Follow It, by David Bax

Zal Batmanglij’s Sound of My Voice is rather calm and measured in aesthetic and execution; ironically but fittingly so given that this is actually a film about people in a barely concealed state of panic. Occasionally, things may be a little too calm, approaching the mannered coolness of a movie that is feeling overly sure of how smart and hip it is. Mostly, though, the stillness of the world works in that, when the underlying anxiety finally bursts through, it becomes a revelation to the characters, if not to us.

Peter (Christopher Denham) and Lorna (Nicole Vicius) are a youngish couple. Lorna lives off her parents’ money while Peter has found work as a substitute teacher. For him, this is hardly a fulfilling career. He aspires to some kind of investigative journalism and his current project, into which he has drawn Lorna, is the infiltration of a secretive cult that meets in the basement of a house in an undisclosed neighborhood (members are transported blindfolded). The cult gathers to hear and follow the word of a woman named Maggie (co-screenwriter Brit Marling) who claims to be from the future and has dire warnings about impending wars and other devastations. The film follows both the “in too deep” undercover template and the “is it true or isn’t it” vaguely science fiction/mystery one.

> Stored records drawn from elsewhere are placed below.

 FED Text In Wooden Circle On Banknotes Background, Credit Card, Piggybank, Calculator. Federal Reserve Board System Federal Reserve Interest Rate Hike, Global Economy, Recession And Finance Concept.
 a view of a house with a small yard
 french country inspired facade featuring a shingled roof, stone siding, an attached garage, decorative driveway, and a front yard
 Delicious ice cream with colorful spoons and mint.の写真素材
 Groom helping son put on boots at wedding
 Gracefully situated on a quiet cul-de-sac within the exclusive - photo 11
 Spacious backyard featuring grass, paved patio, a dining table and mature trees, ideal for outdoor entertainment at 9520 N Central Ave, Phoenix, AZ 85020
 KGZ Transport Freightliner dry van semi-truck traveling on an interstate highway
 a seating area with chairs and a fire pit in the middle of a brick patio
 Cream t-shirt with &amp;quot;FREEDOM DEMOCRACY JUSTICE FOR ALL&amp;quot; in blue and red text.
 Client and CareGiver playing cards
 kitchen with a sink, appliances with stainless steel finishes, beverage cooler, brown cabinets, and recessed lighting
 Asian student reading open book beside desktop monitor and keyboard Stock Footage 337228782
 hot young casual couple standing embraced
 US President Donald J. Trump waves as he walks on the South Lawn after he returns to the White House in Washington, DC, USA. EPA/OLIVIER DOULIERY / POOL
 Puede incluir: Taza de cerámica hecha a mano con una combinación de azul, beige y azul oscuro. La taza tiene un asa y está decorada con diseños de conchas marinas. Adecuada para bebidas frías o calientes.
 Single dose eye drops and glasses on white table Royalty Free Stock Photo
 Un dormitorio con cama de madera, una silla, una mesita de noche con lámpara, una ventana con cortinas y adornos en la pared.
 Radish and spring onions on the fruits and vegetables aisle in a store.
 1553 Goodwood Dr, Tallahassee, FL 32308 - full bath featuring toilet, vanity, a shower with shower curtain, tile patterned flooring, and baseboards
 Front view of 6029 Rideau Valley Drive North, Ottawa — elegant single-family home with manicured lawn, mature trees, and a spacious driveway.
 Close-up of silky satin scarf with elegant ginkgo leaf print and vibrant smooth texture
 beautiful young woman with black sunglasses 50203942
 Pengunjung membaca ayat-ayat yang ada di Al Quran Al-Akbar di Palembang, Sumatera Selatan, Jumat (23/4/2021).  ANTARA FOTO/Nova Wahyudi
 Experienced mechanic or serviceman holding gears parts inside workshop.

Whether or not Maggie is who she says she is, Sound of My Voice is mostly Peter’s story (and, to a lesser extent, Lorna’s). It makes sense that he would be drawn to a faction that aims to be sure of – and prepared for – the future. He’s reached an age where he should be securing his own prospects yet he’s found nothing but a stopgap job and a relationship to which he’s not fully committed. Lorna, whose financial fate is essentially accounted for, is in the same relationship, though she likely cares more for Peter than he does for her. She has her own life to consider.

Denham and Vicius are well-matched and make a magnetic pair as actors. It’s plain that they have all the familiarity of a long-term couple though perhaps their compassion doesn’t run as deep. Denham plays Peter in such a way that his stubbornness and willful blindness to his own culpability in the cult are frustrating while simultaneously being completely sympathetic in his all too human motivations for those traits. Vicius, meanwhile, earns our sympathy for Lorna by conveying her reluctant but respectable decision to take on the role of the pragmatist in the relationship. Marling is virtually the third lead and her line readings are a bit arch but not enough to mar the film.

If anything does have a deleterious effect, it’s Batmanglij’s occasionally over-considered and artificially solemn aesthetic choices. The bleak palette, the quiet soundscapes, the droning music; these things have their place but, layered as they are, it’s like American Indie Arthouse 101.

Sound of My Voice is the first feature from a young director and these drawbacks are indicative of that greenness. Still, Batmanglij has made a better-than-average genre film that does exactly what genre films are supposed to do. It uses familiar story points as a skeleton on which to hang much deeper ruminations. Not only that but it takes a special talent to craft a scene of equal parts beauty and hilarity out of “Dreams” by The Cranberries.